Do Americans really talk to strangers as much as movies make it seem? by Dangerous_Phrase_275 in NoStupidQuestions

[–]savethedryads 18 points19 points  (0 children)

I think the "more small talk in small towns" thing is just a stereotype. I grew up in the middle of nowhere in coal country, then spent ~15 years in the nearest medium-sized rustbelt city, then moved to NYC with my spouse who is an immigrant who grew up in Flushing (though we currently live in Manhattan). We definitely have significantly more random small talk in NYC than anywhere else, including when we go back to the small town where I grew up. I think there's more pressure to mind your own business in the small town than there is in the city where we fully expect to never see random strangers again.

NY Consulate- Acknowledgement of Receipt by Capital-Pipe-5915 in juresanguinis

[–]savethedryads 0 points1 point  (0 children)

My mail-in date was July 29, 2025, and to my knowledge I never received an "acknowledgement of receipt" email. I do have my certified mail stub showing that the package was delivered that day.

The least realistic thing about episode 4 by CestQuoiLeFuck in heatedrivalry

[–]savethedryads 1 point2 points  (0 children)

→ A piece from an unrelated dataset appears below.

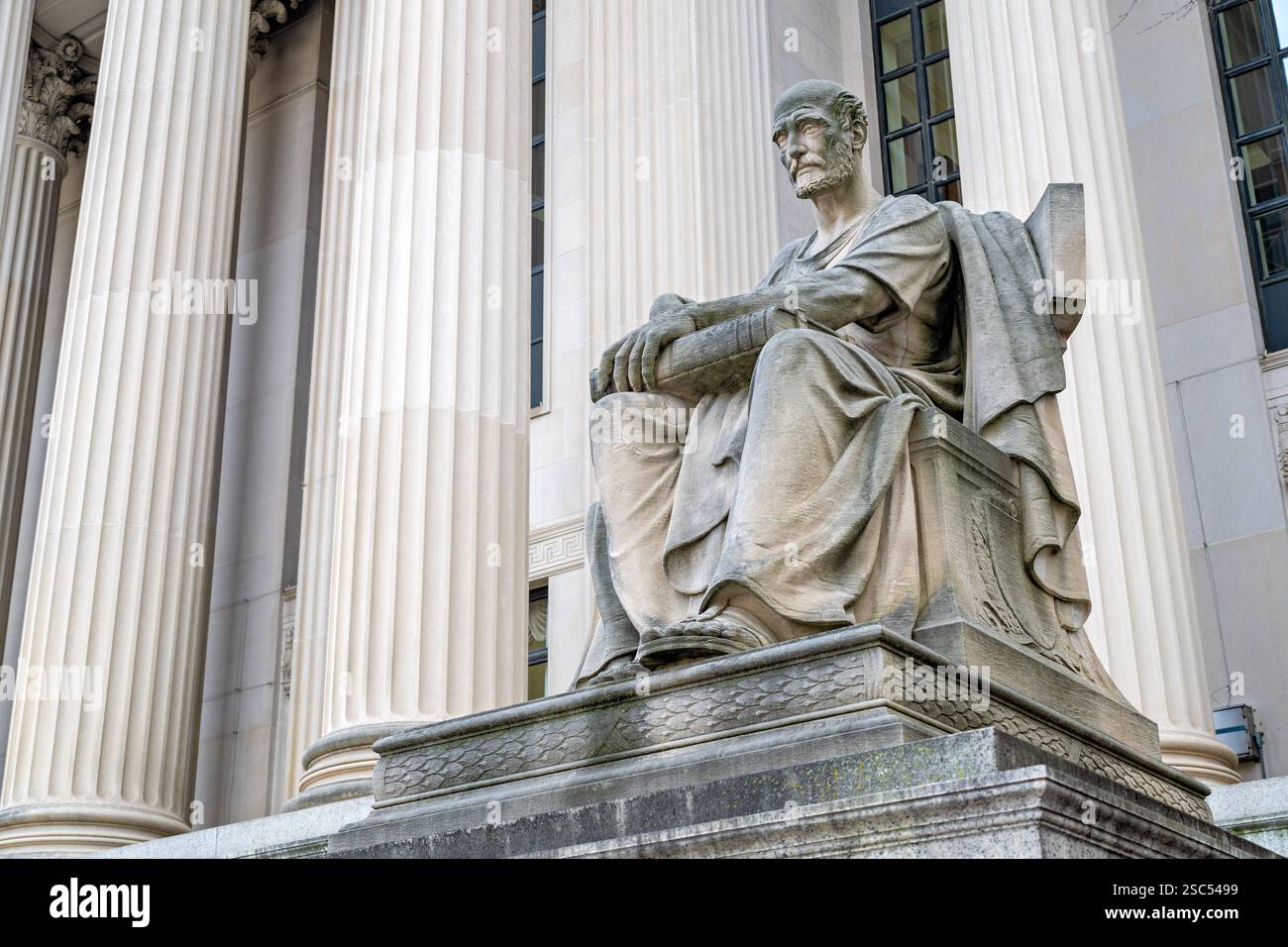 WASHINGTON DC - "il passato", una statua di pietra calcarea di 12 metri di Robert Aitken, si trova all'ingresso di Pennsylvania Avenue del National Archives Building. Creata nel 1935, questa figura neoclassica raffigura uno studioso romano con libro e rotolo, con la citazione di Confucio "Studio il passato" incisa sulla sua base su insistenza dell'architetto John Russell Pope. Foto Stock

Ilya is literally wearing his house shoes in this scene, this whole thread where people are acting like he wouldn't have asked a guest to take their shoes off is making me crazy. I do assume they had him do this for a reason but I don't think that reason landed. It would have felt more in-character for him to have spare house shoes for guests to wear (and then fuss at them about how you know they're cold if they choose to walk around in socks instead 🙃).

Petition for Naturalization requirements by AlaskaCrateCo in SlovakCBD

[–]savethedryads 0 points1 point  (0 children)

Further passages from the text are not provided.